● **Try it**
Everything from the top of the data below through the line with "White Used 2016" should be duplicated exactly, and nothing past it.

● **Entries supplied**

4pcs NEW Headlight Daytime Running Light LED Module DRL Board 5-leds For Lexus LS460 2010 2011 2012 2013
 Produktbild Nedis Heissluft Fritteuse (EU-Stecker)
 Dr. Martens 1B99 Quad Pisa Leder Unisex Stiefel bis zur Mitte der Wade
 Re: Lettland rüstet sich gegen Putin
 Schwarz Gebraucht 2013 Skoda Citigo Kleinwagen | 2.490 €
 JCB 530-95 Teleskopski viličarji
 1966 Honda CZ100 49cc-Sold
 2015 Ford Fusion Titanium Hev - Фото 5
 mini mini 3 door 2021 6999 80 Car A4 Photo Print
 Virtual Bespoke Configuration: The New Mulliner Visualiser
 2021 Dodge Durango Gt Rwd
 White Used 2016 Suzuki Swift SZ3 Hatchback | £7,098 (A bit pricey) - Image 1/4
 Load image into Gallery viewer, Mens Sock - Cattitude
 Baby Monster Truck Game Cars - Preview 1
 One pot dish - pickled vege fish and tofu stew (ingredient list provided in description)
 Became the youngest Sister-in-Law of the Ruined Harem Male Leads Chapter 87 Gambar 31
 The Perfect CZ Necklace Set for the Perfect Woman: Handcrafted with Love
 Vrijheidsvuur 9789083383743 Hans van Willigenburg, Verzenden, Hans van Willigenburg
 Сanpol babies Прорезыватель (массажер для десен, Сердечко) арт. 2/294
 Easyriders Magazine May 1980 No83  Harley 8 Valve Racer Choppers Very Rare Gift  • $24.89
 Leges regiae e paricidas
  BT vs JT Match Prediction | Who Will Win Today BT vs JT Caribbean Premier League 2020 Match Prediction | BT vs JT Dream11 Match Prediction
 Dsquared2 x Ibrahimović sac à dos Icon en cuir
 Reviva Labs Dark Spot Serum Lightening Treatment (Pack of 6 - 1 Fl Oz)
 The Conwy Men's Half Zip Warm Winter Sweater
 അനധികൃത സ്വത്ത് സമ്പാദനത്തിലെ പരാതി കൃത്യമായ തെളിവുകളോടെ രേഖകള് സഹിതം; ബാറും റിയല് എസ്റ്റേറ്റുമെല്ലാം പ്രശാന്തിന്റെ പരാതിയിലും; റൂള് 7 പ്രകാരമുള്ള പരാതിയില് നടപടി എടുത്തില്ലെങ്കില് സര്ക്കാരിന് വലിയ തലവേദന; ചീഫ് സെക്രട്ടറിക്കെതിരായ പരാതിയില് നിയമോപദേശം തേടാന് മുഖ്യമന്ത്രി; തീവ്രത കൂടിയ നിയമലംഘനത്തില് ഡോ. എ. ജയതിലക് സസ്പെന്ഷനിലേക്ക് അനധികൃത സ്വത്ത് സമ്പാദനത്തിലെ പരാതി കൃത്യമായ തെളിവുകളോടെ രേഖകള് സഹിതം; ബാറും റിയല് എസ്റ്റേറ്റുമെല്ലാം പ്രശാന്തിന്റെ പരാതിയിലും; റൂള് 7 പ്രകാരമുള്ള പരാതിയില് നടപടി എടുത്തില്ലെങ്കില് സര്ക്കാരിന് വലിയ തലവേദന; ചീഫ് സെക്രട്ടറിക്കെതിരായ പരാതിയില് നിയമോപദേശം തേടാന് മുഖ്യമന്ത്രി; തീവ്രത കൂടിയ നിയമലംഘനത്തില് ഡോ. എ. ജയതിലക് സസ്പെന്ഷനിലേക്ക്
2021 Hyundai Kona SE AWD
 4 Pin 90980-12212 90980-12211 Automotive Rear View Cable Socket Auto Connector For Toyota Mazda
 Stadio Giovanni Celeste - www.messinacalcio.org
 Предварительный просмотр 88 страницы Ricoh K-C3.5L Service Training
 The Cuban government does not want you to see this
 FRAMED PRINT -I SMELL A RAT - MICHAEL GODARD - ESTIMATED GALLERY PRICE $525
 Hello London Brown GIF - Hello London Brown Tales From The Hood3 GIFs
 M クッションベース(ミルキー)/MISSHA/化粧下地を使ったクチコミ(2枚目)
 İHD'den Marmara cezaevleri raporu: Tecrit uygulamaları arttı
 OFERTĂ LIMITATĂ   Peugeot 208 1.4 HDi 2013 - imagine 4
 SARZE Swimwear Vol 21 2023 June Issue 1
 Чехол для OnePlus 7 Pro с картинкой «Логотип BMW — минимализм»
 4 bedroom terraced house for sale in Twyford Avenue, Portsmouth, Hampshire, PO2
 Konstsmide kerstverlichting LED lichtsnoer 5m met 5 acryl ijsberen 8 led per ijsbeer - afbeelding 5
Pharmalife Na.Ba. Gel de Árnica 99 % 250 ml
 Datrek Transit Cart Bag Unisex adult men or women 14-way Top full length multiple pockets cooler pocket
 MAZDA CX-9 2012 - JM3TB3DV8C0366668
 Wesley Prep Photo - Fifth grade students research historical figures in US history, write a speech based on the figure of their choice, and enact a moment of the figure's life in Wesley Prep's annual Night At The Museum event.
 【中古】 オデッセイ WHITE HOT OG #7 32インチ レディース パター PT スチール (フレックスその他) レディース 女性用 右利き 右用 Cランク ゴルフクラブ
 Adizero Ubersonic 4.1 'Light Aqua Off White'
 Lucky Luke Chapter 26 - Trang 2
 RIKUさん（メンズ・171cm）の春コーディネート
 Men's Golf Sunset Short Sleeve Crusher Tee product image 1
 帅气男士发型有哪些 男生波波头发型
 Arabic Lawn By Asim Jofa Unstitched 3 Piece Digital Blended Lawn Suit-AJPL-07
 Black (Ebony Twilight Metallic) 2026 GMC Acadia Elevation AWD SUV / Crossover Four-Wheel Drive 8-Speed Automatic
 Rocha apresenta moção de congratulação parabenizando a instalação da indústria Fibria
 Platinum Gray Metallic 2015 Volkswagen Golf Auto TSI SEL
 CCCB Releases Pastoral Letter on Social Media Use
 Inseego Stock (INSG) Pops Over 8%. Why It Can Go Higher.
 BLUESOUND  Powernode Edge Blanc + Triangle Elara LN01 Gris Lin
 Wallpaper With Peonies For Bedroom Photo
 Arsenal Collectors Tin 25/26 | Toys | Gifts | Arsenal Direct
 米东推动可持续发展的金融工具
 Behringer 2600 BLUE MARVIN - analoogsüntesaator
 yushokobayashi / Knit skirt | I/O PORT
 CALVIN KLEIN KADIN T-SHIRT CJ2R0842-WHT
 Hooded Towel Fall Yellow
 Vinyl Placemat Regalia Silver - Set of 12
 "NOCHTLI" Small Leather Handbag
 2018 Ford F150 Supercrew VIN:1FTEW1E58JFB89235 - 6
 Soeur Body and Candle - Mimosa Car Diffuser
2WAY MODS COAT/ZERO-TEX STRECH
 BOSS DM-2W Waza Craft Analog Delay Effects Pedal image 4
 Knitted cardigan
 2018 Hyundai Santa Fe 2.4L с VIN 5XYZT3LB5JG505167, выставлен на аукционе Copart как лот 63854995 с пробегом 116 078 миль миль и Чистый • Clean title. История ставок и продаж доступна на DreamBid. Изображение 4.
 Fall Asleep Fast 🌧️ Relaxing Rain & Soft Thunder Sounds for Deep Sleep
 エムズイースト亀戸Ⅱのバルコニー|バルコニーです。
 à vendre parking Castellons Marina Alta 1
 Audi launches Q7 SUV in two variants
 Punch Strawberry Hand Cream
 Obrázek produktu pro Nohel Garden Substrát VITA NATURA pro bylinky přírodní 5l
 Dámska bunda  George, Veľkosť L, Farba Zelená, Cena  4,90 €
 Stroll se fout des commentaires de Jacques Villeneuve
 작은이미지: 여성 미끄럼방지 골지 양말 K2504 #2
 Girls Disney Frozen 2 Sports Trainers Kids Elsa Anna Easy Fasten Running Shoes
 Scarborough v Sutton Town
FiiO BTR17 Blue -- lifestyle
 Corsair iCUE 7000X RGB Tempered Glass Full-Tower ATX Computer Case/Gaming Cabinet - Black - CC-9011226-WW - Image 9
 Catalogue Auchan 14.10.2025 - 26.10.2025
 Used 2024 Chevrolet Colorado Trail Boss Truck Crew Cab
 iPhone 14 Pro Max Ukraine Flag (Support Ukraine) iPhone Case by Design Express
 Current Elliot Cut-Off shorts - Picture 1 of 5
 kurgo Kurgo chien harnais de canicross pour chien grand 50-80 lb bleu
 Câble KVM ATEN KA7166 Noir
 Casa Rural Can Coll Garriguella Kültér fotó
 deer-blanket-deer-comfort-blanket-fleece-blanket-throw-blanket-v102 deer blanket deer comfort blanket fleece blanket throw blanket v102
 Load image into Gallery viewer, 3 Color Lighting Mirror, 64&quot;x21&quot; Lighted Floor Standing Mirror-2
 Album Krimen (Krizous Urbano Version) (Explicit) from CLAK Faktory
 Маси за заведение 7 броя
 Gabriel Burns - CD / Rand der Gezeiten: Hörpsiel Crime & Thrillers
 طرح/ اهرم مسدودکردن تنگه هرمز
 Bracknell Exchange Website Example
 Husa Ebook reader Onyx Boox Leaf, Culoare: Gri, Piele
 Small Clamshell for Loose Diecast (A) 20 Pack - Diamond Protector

● **Exercise answer**
4pcs NEW Headlight Daytime Running Light LED Module DRL Board 5-leds For Lexus LS460 2010 2011 2012 2013
 Produktbild Nedis Heissluft Fritteuse (EU-Stecker)
 Dr. Martens 1B99 Quad Pisa Leder Unisex Stiefel bis zur Mitte der Wade
 Re: Lettland rüstet sich gegen Putin
 Schwarz Gebraucht 2013 Skoda Citigo Kleinwagen | 2.490 €
 JCB 530-95 Teleskopski viličarji
 1966 Honda CZ100 49cc-Sold
 2015 Ford Fusion Titanium Hev - Фото 5
 mini mini 3 door 2021 6999 80 Car A4 Photo Print
 Virtual Bespoke Configuration: The New Mulliner Visualiser
 2021 Dodge Durango Gt Rwd
 White Used 2016 Suzuki Swift SZ3 Hatchback | £7,098 (A bit pricey) - Image 1/4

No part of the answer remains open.